──────── Extracted material ────────

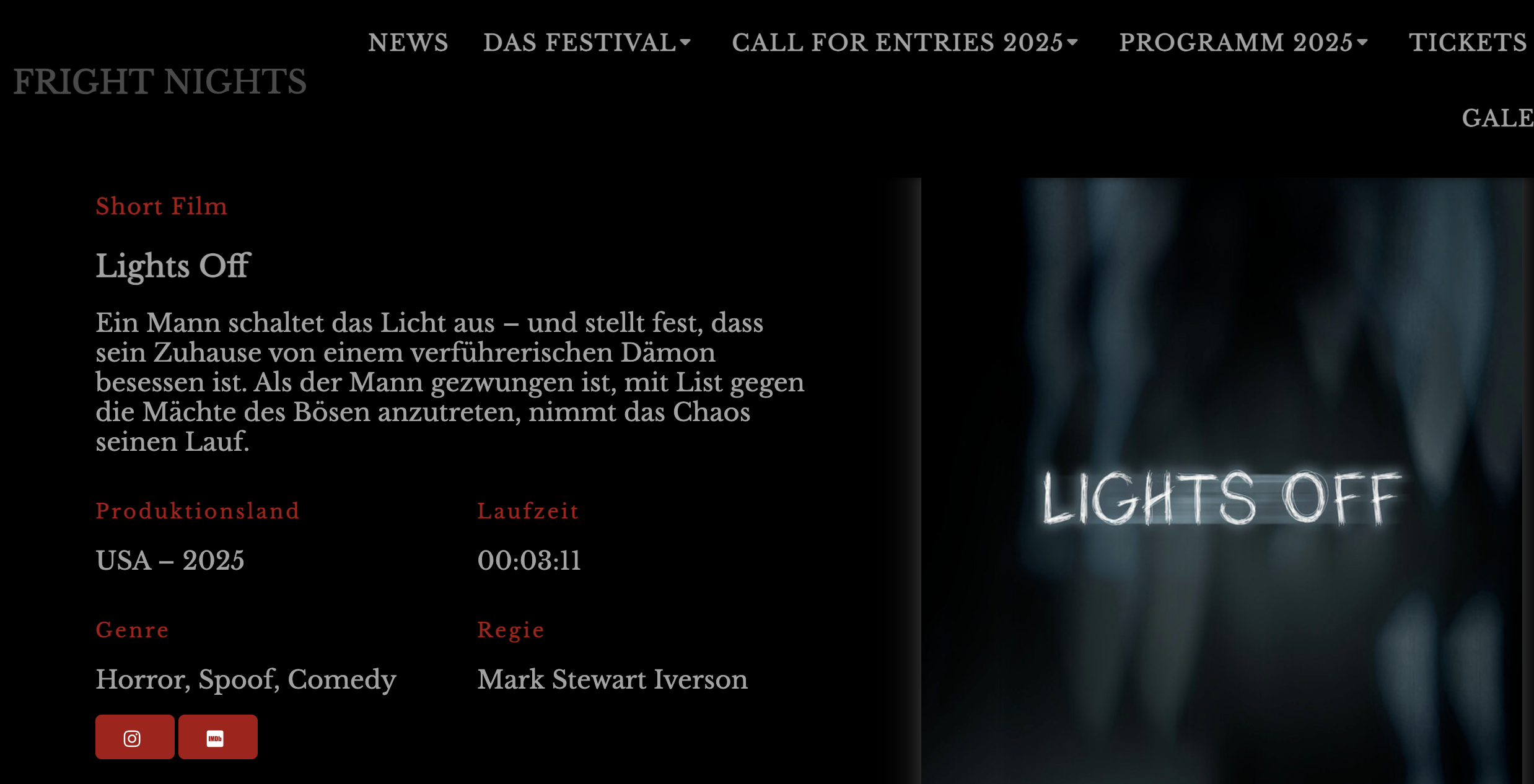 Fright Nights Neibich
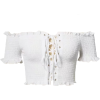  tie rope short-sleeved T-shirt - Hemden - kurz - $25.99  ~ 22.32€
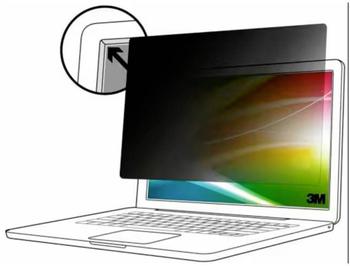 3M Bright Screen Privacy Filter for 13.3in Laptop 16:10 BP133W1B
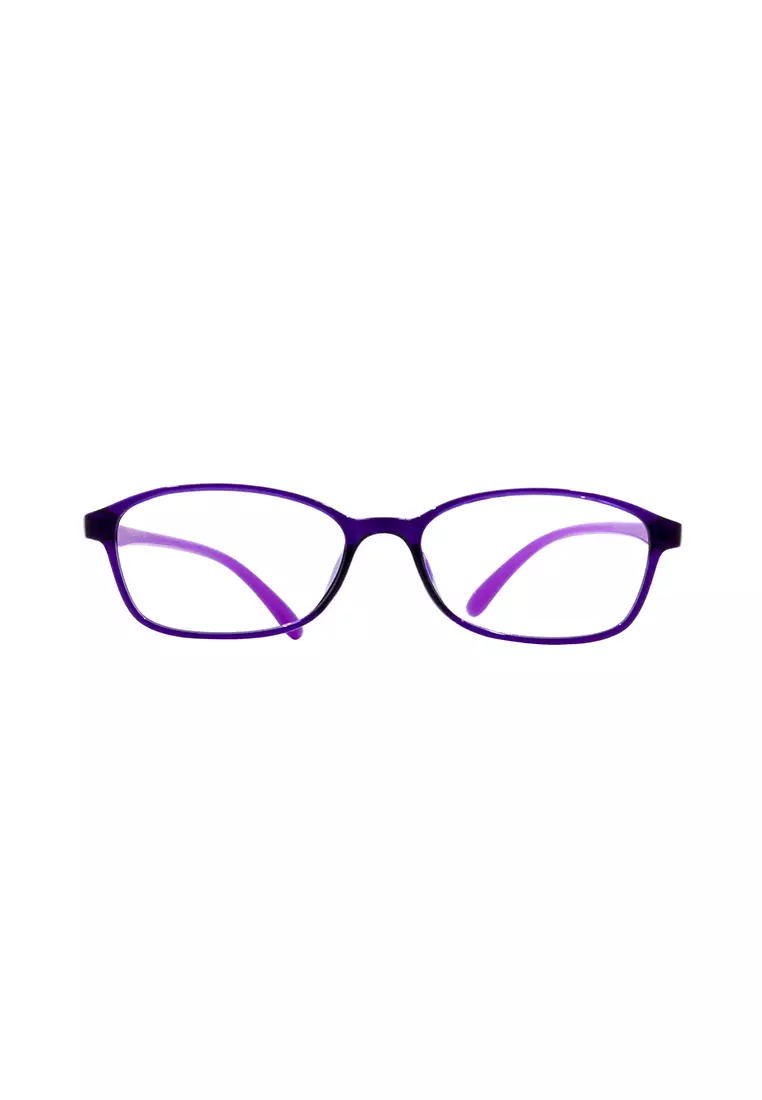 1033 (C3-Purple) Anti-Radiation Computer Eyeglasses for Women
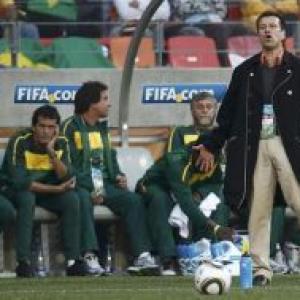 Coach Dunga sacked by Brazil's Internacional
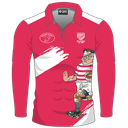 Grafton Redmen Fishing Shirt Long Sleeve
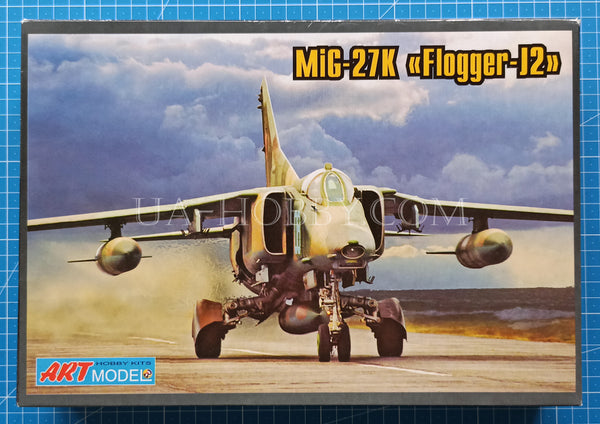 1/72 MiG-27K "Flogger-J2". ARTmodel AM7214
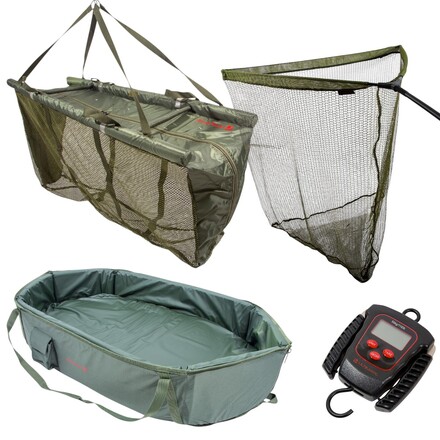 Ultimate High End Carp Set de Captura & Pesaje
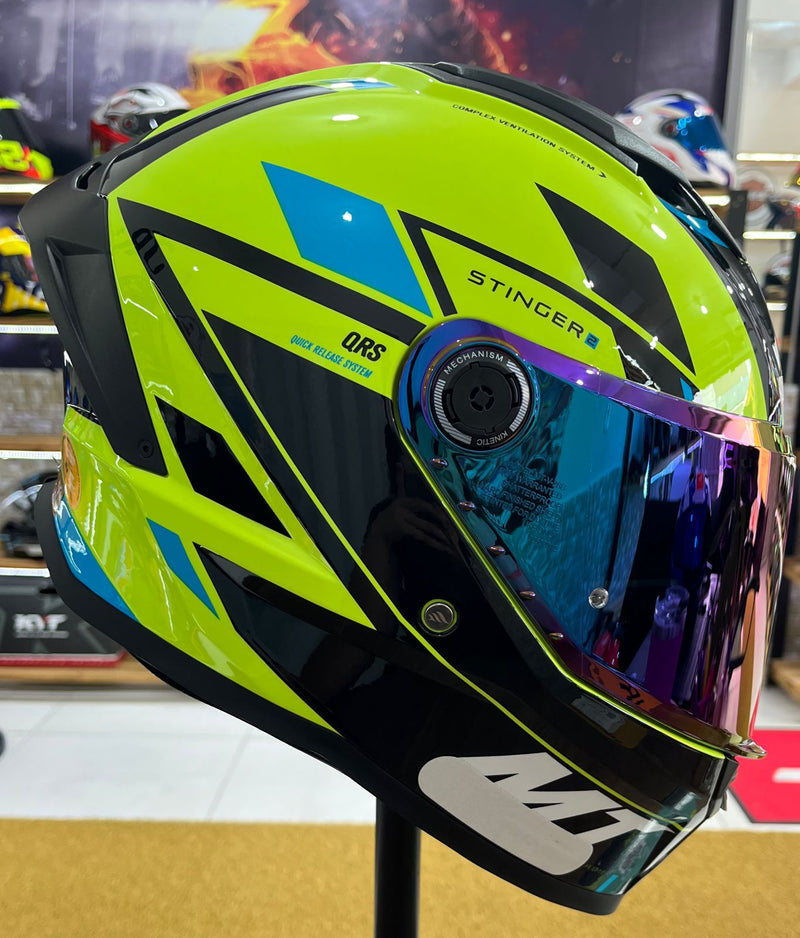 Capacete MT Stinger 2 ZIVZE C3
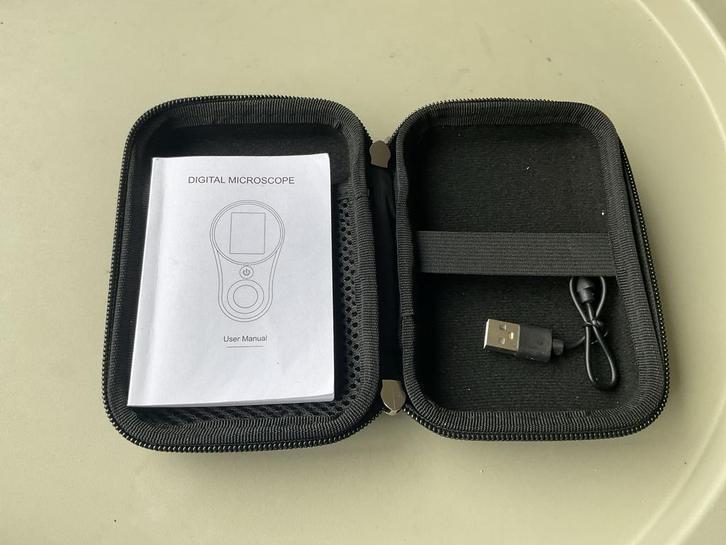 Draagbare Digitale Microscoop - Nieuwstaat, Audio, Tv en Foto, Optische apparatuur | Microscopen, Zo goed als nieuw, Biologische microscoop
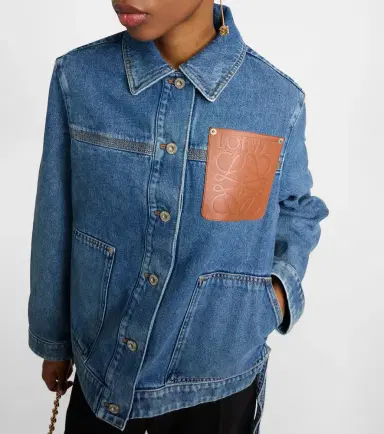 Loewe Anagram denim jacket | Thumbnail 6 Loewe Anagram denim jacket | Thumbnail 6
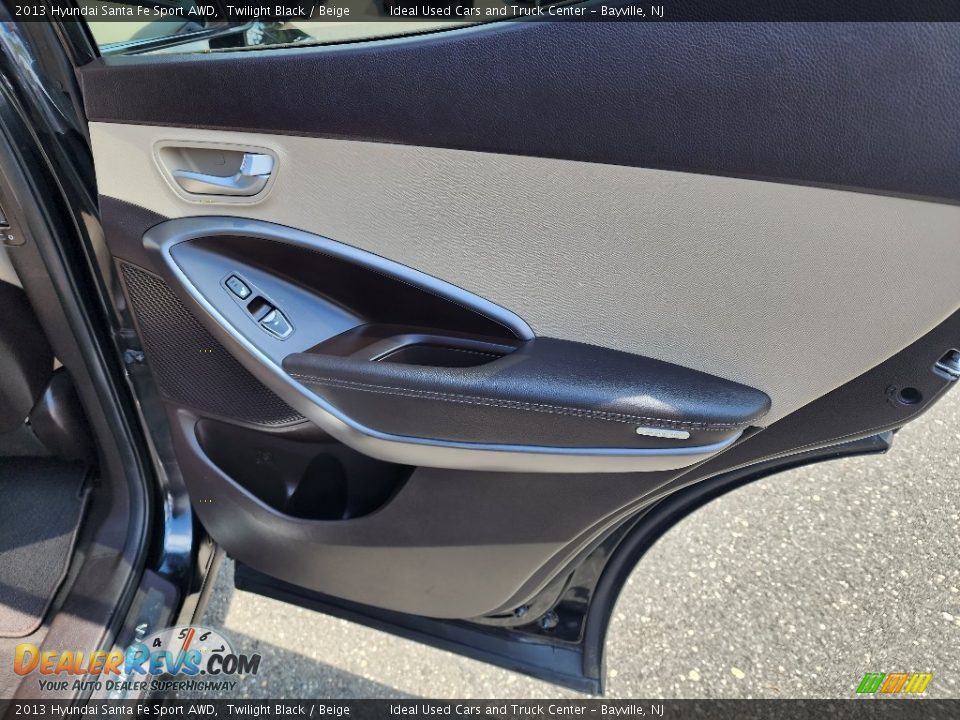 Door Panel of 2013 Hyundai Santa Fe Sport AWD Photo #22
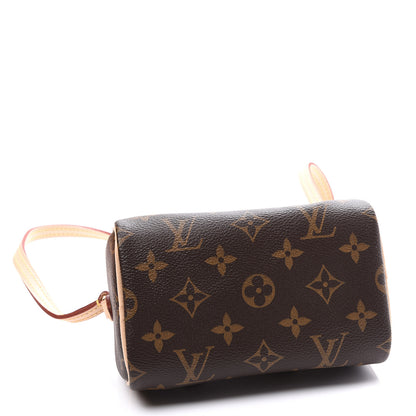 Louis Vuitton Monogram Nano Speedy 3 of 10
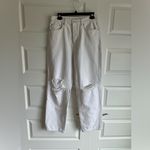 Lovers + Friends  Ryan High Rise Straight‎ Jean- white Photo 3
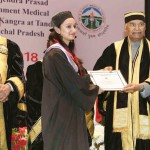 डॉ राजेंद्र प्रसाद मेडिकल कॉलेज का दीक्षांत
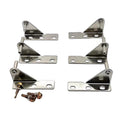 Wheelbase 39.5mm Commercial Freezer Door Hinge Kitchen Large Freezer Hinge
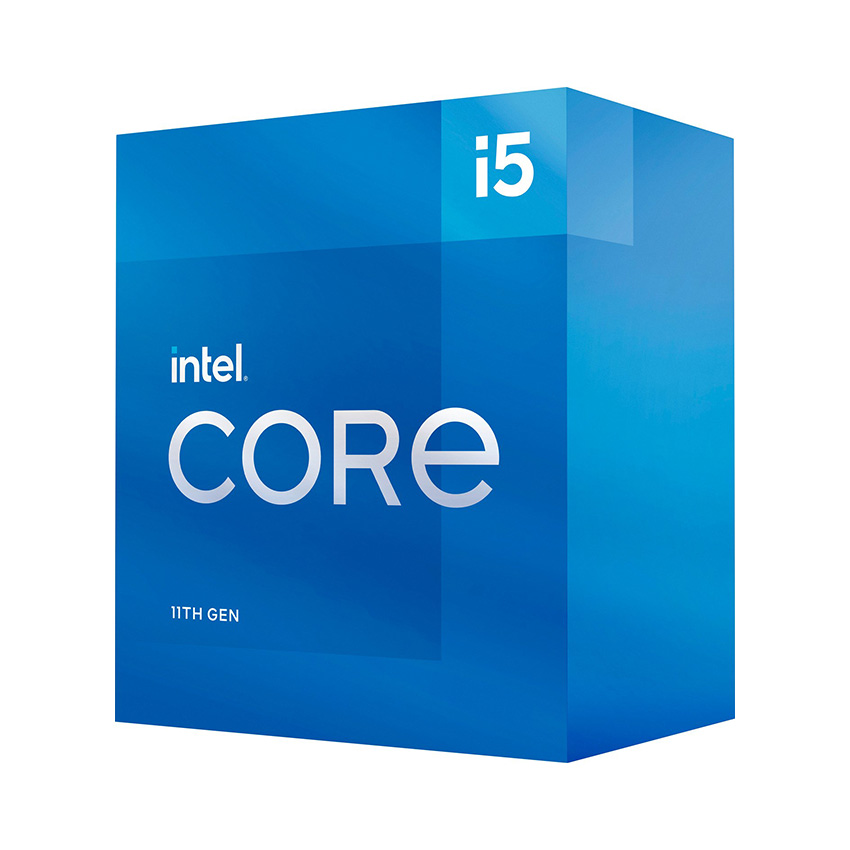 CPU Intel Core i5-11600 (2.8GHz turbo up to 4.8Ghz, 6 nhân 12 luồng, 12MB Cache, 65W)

────────

What needs to be done – Render all entries verbatim, excluding any pictures they hold.

Result for this exercise –
 Fright Nights Neibich
  tie rope short-sleeved T-shirt - Hemden - kurz - $25.99  ~ 22.32€
 3M Bright Screen Privacy Filter for 13.3in Laptop 16:10 BP133W1B
 1033 (C3-Purple) Anti-Radiation Computer Eyeglasses for Women
 Coach Dunga sacked by Brazil's Internacional
 Grafton Redmen Fishing Shirt Long Sleeve
 1/72 MiG-27K "Flogger-J2". ARTmodel AM7214
 Ultimate High End Carp Set de Captura & Pesaje
 Capacete MT Stinger 2 ZIVZE C3
 Draagbare Digitale Microscoop - Nieuwstaat, Audio, Tv en Foto, Optische apparatuur | Microscopen, Zo goed als nieuw, Biologische microscoop
 Loewe Anagram denim jacket | Thumbnail 6 Loewe Anagram denim jacket | Thumbnail 6
 Door Panel of 2013 Hyundai Santa Fe Sport AWD Photo #22
 Louis Vuitton Monogram Nano Speedy 3 of 10
 Lovers + Friends  Ryan High Rise Straight‎ Jean- white Photo 3
 डॉ राजेंद्र प्रसाद मेडिकल कॉलेज का दीक्षांत
 Wheelbase 39.5mm Commercial Freezer Door Hinge Kitchen Large Freezer Hinge
 CPU Intel Core i5-11600 (2.8GHz turbo up to 4.8Ghz, 6 nhân 12 luồng, 12MB Cache, 65W)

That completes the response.